Assigned task: Please give back all the records exactly, but keep the pictures out.

Supplied data:
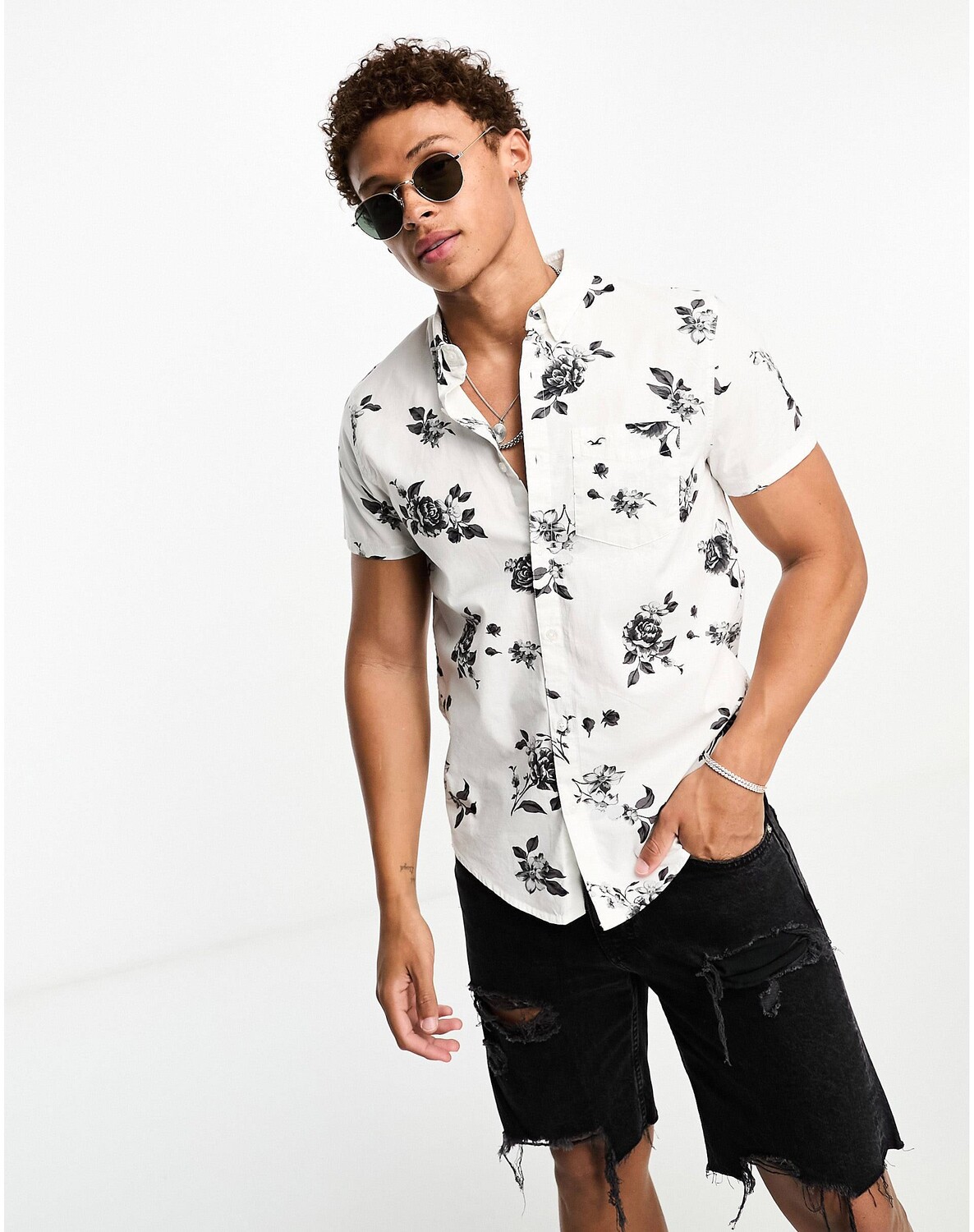 

Белая рубашка с коротким рукавом с цветочным принтом Hollister
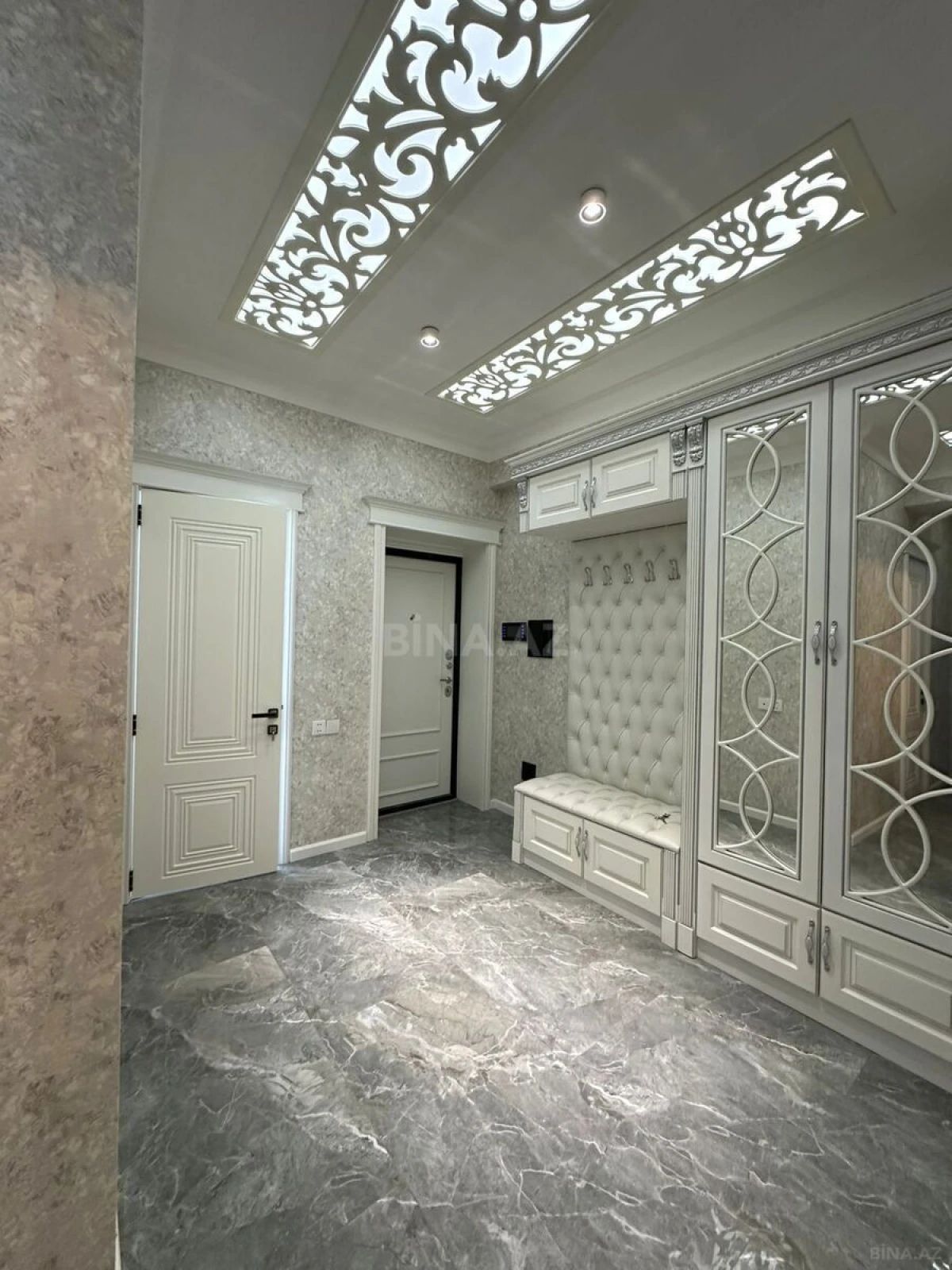 Satılır 2 otaqlı mənzil 110 m²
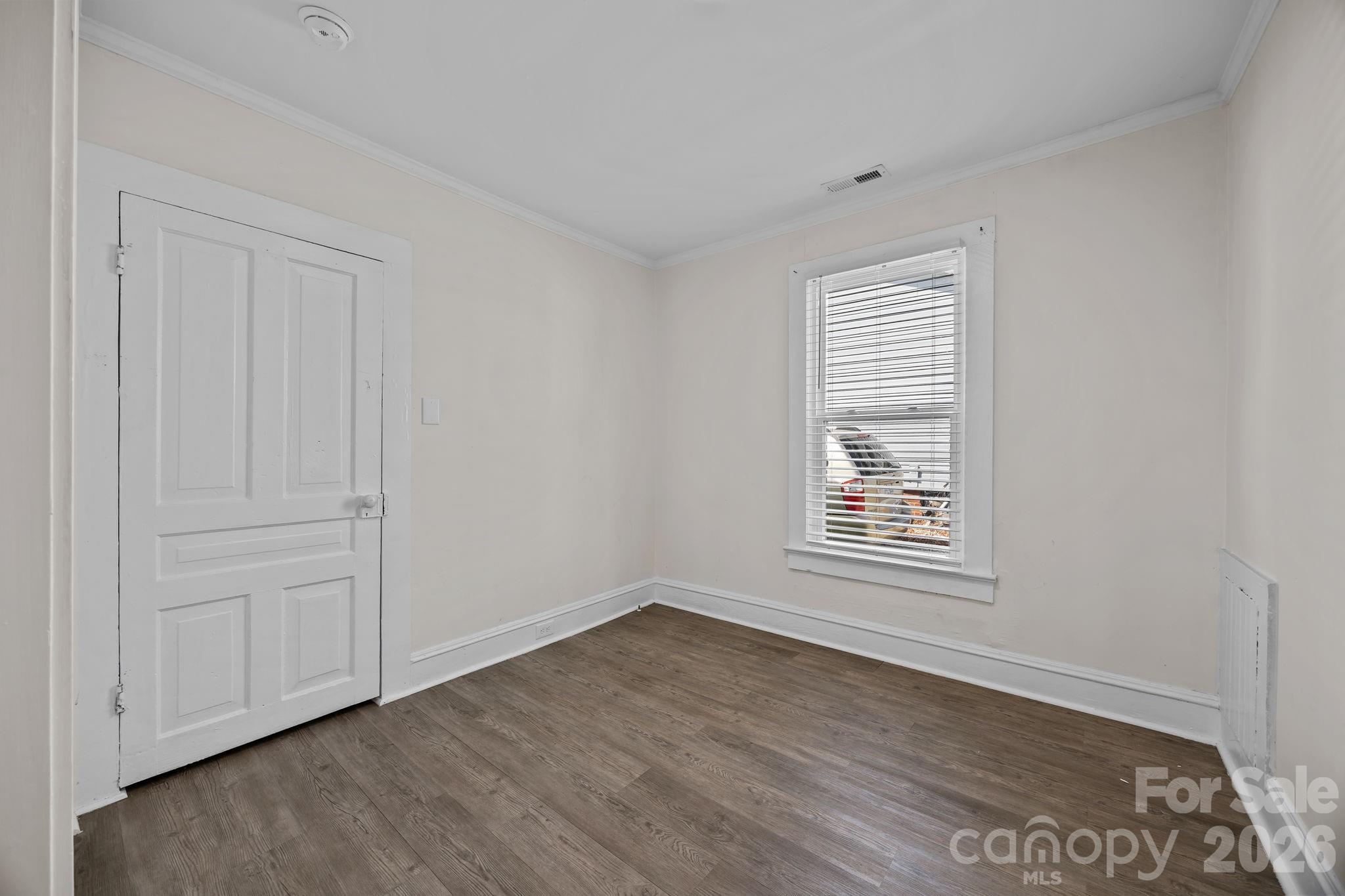 828 Park Avenue — Salisbury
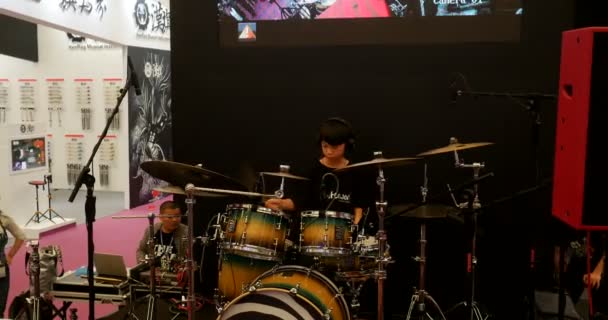 Man Playing Drumset Music China Shanghai Instrument Fair Bicí Bicí — Stock video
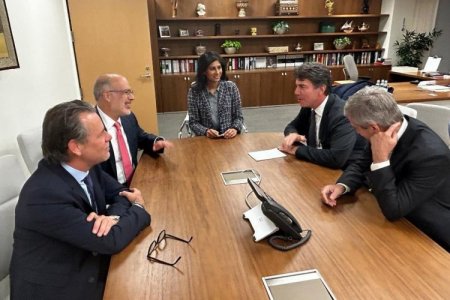 FMI aprobó revisión de programa con Argentina y desembolsó US$ 4.700 millones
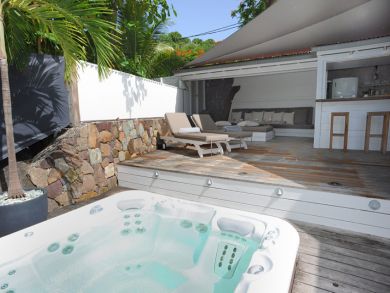 Deck with sun loungers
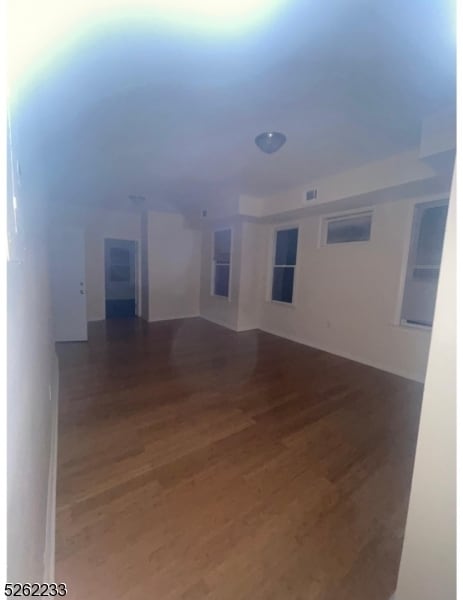 Building Photo - 83 Mapes Ave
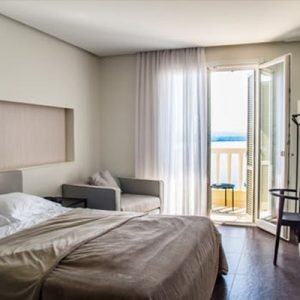 double room free img 300x300.jpg
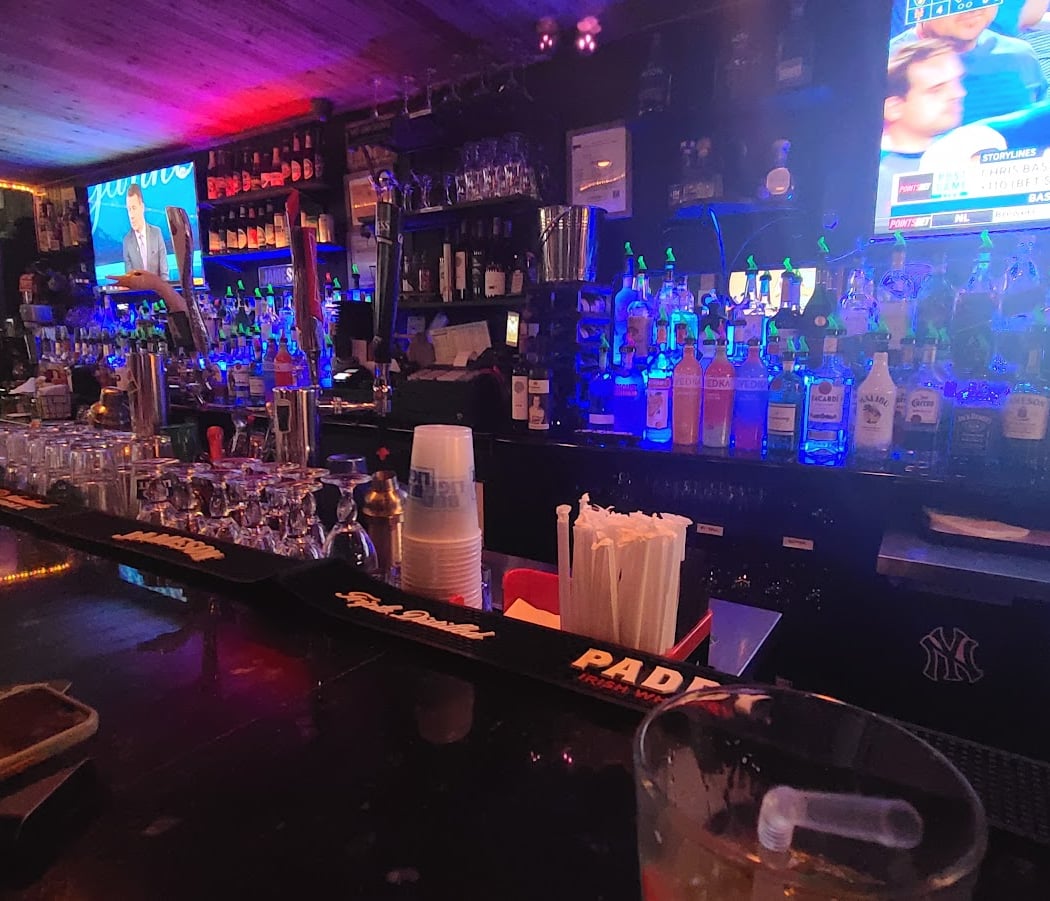 THE VILLAGE GREEN PUB WHITESTONE NY 3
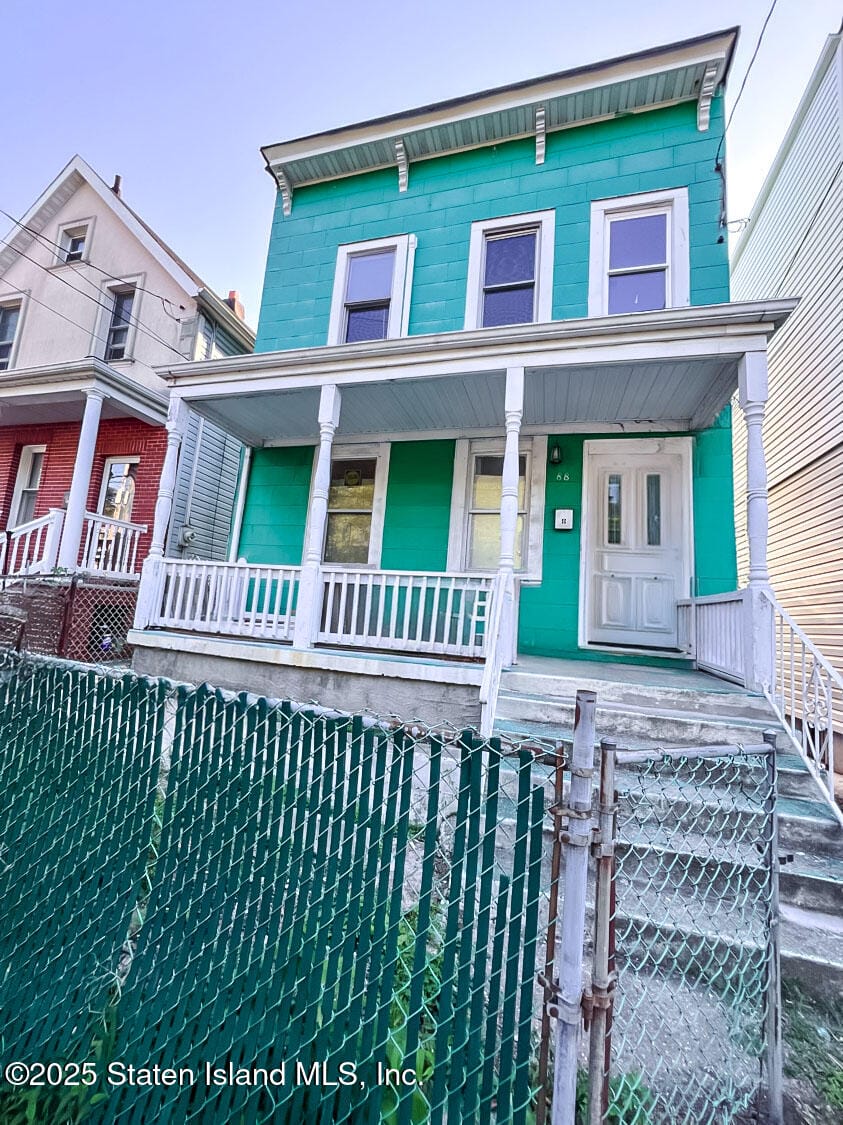 88 Warren Street, Staten Island, NY, 10304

Expected answer:
Белая рубашка с коротким рукавом с цветочным принтом Hollister
 Satılır 2 otaqlı mənzil 110 m²
 828 Park Avenue — Salisbury
 Man Playing Drumset Music China Shanghai Instrument Fair Bicí Bicí — Stock video
 FMI aprobó revisión de programa con Argentina y desembolsó US$ 4.700 millones
 Deck with sun loungers
 Building Photo - 83 Mapes Ave
 double room free img 300x300.jpg
 THE VILLAGE GREEN PUB WHITESTONE NY 3
 88 Warren Street, Staten Island, NY, 10304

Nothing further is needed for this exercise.